Data for the task.
▶
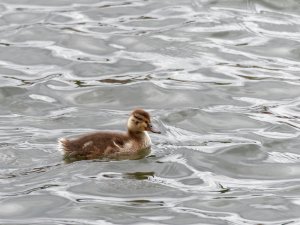 Duckling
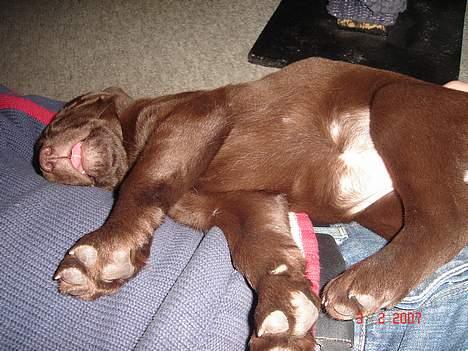 Labrador retriever Luka tidl. hund - Hehe her rækker hun tunge.. billede 4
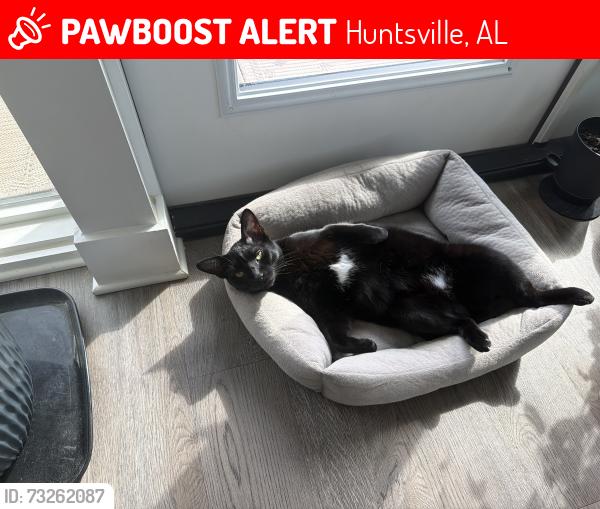Lost Male Cat last seen Weatherly Road and Canstatt near elementary school, Huntsville, AL 35803
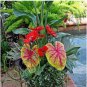 200 PCS Seeds Japanese Caladium Bicolor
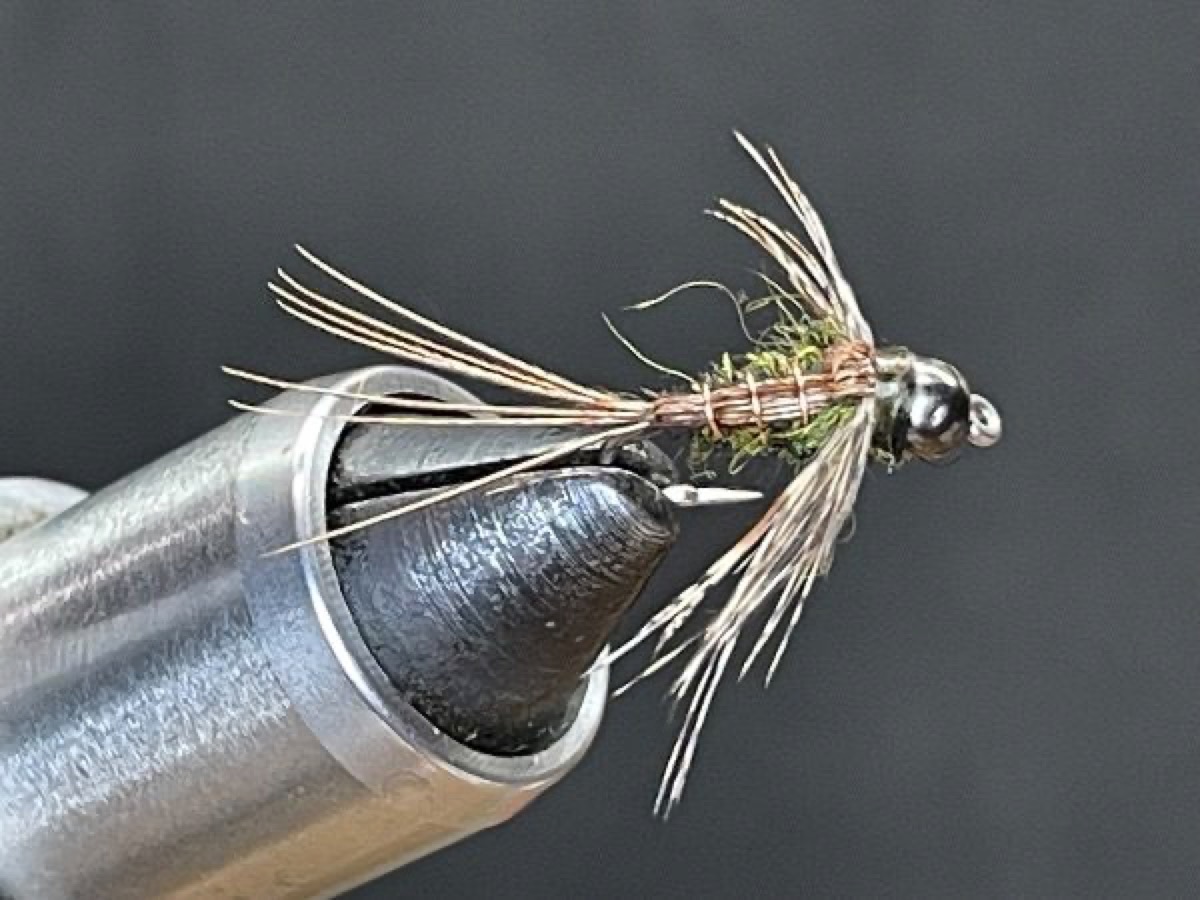 Green Drake Nymph (Ephemera guttulata) fly pattern tied by Brent Jones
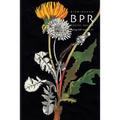 Birmingham Poetry Review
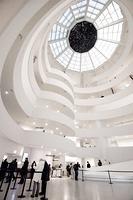IMG_5545.jpg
◀
Exercise description.
Copy out the entries exactly. No pictures.

Exercise result.
 Duckling
 Labrador retriever Luka tidl. hund - Hehe her rækker hun tunge.. billede 4
Lost Male Cat last seen Weatherly Road and Canstatt near elementary school, Huntsville, AL 35803
 200 PCS Seeds Japanese Caladium Bicolor
 Green Drake Nymph (Ephemera guttulata) fly pattern tied by Brent Jones
 Birmingham Poetry Review
IMG_5545.jpg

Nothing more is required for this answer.